Task description: With the images removed, write out each record exactly as given.

======== Task material ========

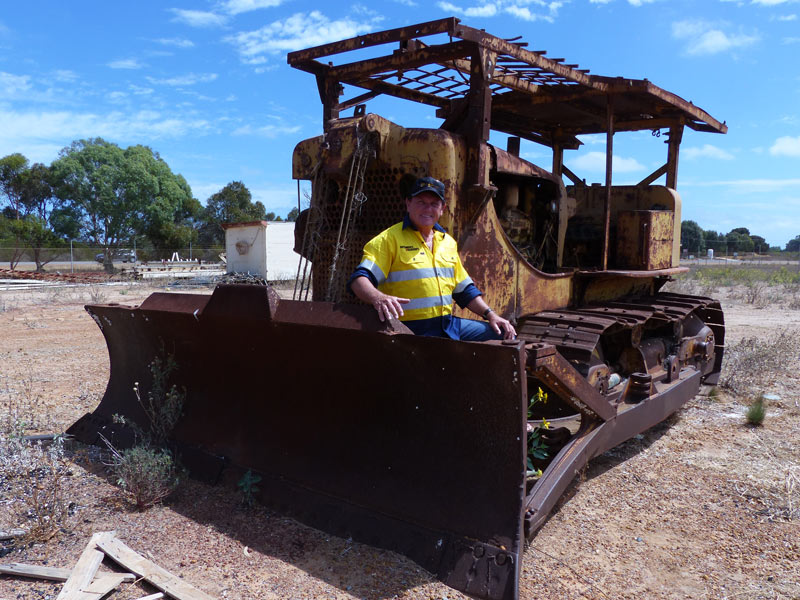 Allis -Chalmers -HD21-dozer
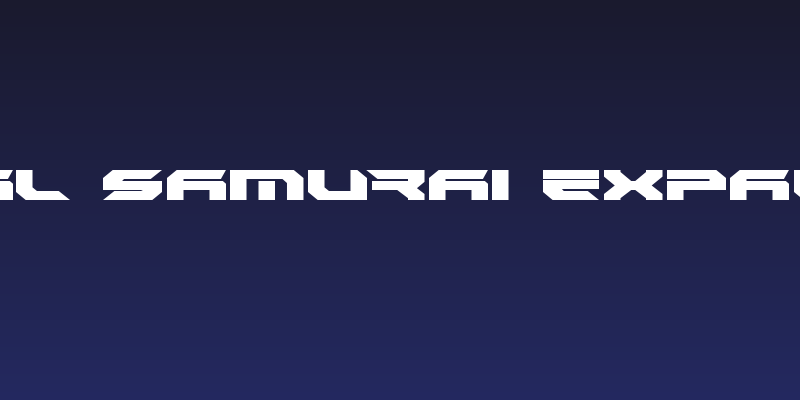 Royal Samurai Expanded Social Header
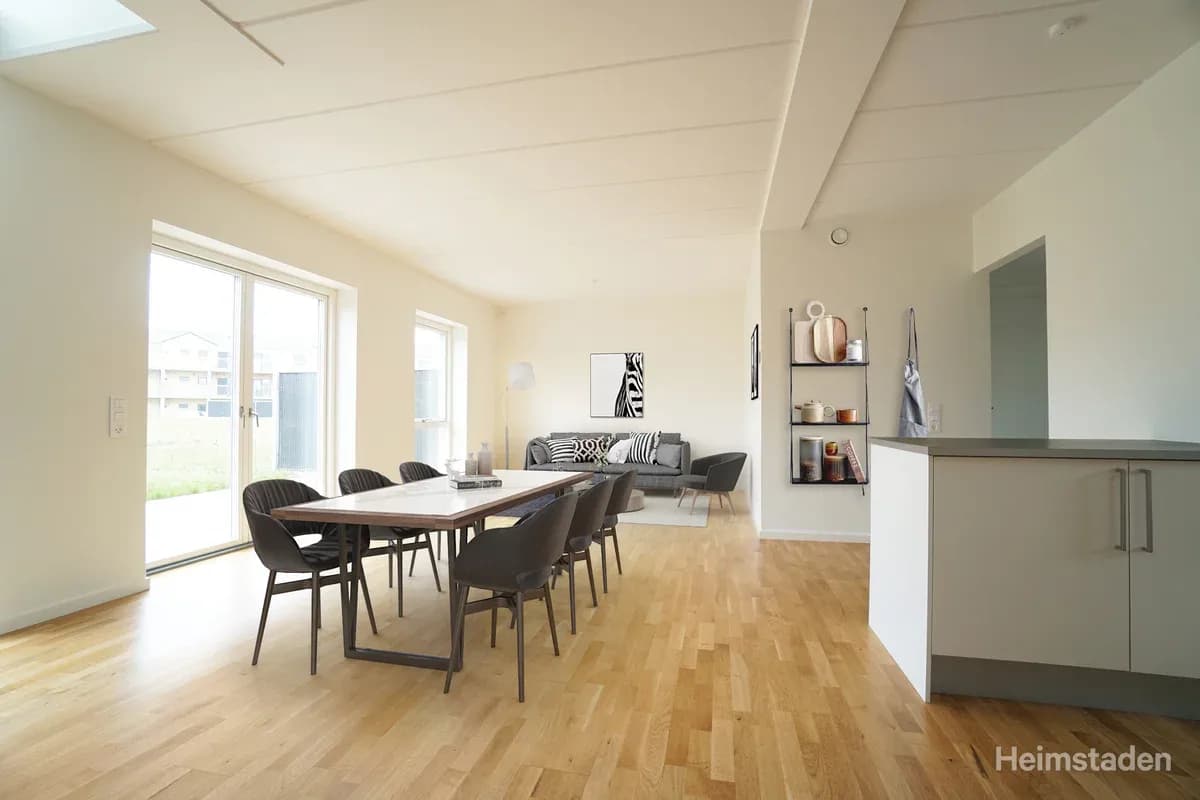5-vær. rækkehus på 128 m² - Silkeborg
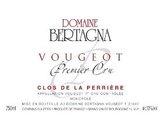 Domaine Bertagna - Vougeot Clos de la Perrire 1995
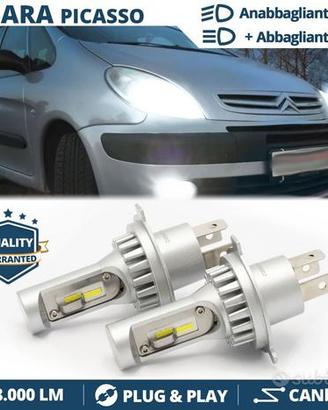 Kit LED H4 per CITROEN XSARA PICASSO 6500K CANbus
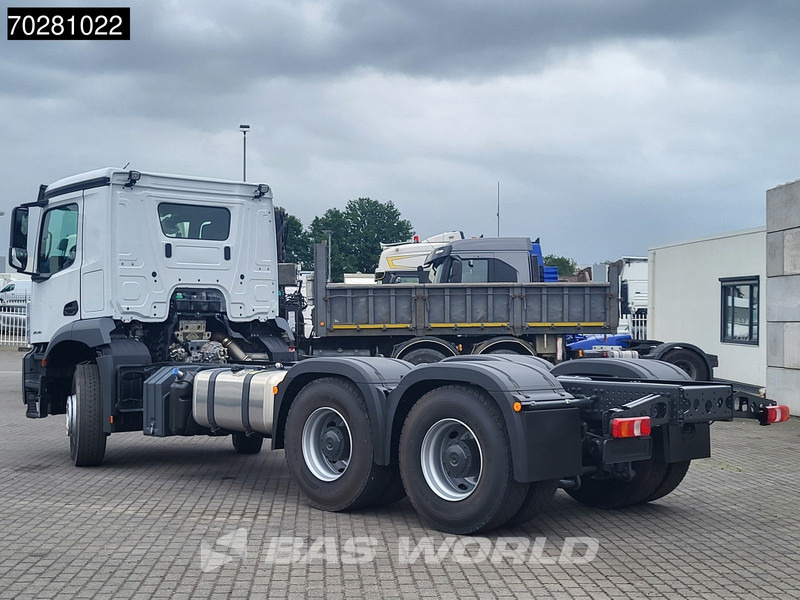Mercedes-Benz Arocs 2636 6X4 NEW chassis Flywheel PTO Big-Axle Automatic Steelsuspension Euro 6 - شاحنة هيكل كابينة: صورة 5 Mercedes-Benz Arocs 2636 6X4 NEW chassis Flywheel PTO Big-Axle Automatic Steelsuspension Euro 6 - شاحنة هيكل كابينة: صورة 5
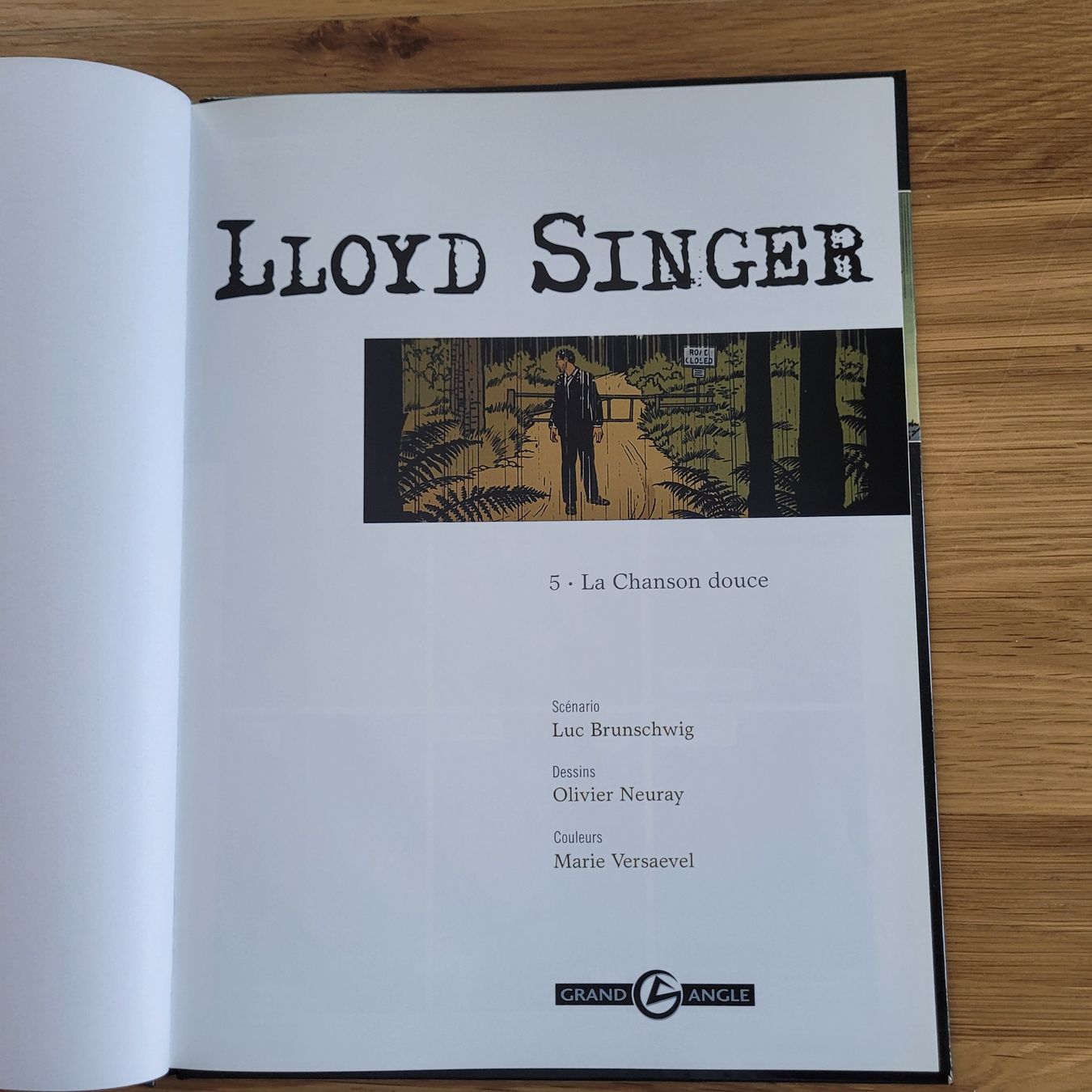 Comics: BD EO Lloyd Singer 5. La Chanson Douce – Gebraucht aus Biel/Bienne von Destockweb 1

========

Answer box:
 Allis -Chalmers -HD21-dozer
 Royal Samurai Expanded Social Header
5-vær. rækkehus på 128 m² - Silkeborg
 Domaine Bertagna - Vougeot Clos de la Perrire 1995
 Kit LED H4 per CITROEN XSARA PICASSO 6500K CANbus
Mercedes-Benz Arocs 2636 6X4 NEW chassis Flywheel PTO Big-Axle Automatic Steelsuspension Euro 6 - شاحنة هيكل كابينة: صورة 5 Mercedes-Benz Arocs 2636 6X4 NEW chassis Flywheel PTO Big-Axle Automatic Steelsuspension Euro 6 - شاحنة هيكل كابينة: صورة 5
 Comics: BD EO Lloyd Singer 5. La Chanson Douce – Gebraucht aus Biel/Bienne von Destockweb 1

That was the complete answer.